Lisa, I'm in mid-Mo. Not sure where in MO she is, but if its reasonable distance, I'd be willing to do a drive by. Think about it.

Driving is my sanity saver.
 

slsh

member since 1999
Lisa - I'm stunned that you finally found her. I do remember the turmoil when she left, how horrible that period of time was.

I was thinking along the same lines as Abbey - if she's on the internet, she's probably not living on the street. Maybe she's turned things around.

I'm a wimp, but there are some things best left to imagination in my humble opinion. I would hope that she's pulled it together but I'd wait until if/when she initiates contact.

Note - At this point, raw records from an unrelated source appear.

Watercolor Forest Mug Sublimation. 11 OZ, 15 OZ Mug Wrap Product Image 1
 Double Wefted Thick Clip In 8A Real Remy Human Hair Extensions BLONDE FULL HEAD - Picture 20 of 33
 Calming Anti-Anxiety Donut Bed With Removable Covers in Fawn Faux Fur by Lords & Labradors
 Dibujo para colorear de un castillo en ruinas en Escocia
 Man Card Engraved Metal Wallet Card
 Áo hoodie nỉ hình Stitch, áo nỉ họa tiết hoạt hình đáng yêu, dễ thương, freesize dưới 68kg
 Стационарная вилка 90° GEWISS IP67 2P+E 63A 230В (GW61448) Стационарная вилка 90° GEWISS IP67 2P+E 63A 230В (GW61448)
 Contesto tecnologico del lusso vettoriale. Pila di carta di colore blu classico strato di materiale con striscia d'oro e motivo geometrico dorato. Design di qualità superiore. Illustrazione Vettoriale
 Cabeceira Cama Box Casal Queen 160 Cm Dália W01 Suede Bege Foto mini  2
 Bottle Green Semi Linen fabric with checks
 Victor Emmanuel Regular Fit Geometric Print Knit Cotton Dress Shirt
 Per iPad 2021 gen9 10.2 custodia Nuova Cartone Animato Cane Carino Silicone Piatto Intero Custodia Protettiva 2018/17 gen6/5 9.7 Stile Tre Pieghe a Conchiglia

Really, I'm just amazed that you found her after all this time.

A gentle hug to you.
 

Lothlorien

Active Member
Daisy,
Recently, something in me was pushing me to search out for my brother. Long story, but I hadn't had contact with him in years and only heard bits and pieces from my aunt, who heard from him when he needed money. I found him.....he was listed as an absconder from the prison authority in a particular state. Three days after I saw his picture on that site, my aunt called me to tell me he had died six months before. No one knows the details.

Though I had seen his picture from a prison system, I still had some kind of relief knowing that one year prior, he was somewhere. You needed to know where she was and if she was alive, right? It's somewhat of a relief. I did the same for other estranged family members and found some of them too. It was a good feeling, but there were other mixed feelings as well.
 

susiestar

Roll With It
Lisa,

I understand looking for her and the grands. And looking for her myspace page. I join Star and the others in urging you to think long and hard before any contact is made.

Sending hugs,

susie
 

daralex

Clinging onto my sanity
I'm glad for the peace of mind you now have at least knowing she is alive - I can't imagine what you must be feeling at the moment. As far as further contact - you have to feel comfortable with whatever the results will be from having contact. If your not up to another emotional nightmare you may do better to watch from afar. I will never pretend to walk in shoes I haven't been in and I have not yet walked in yours - so I can only send gentle ((hugs)) and wish you the very best outcome for the situation. Fate has a funny way of sneaking up on you - whatever was meant to happen in the end will. I really wish you the very best of luck in dealing with the whole situation. Keep strong!